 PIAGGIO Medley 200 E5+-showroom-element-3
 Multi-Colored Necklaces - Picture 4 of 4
...
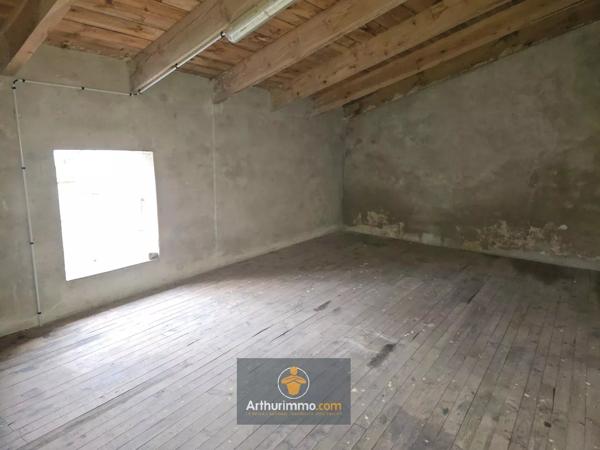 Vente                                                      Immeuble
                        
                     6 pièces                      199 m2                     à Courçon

_To do_
Copy only this part of the entries above: the line with "PIAGGIO Medley 200 E5+-showroom-element-3", the line with "Multi-Colored Necklaces - Picture 4 of 4", and the lines between, all exactly as written.

_Output below_
 PIAGGIO Medley 200 E5+-showroom-element-3
 Multi-Colored Necklaces - Picture 4 of 4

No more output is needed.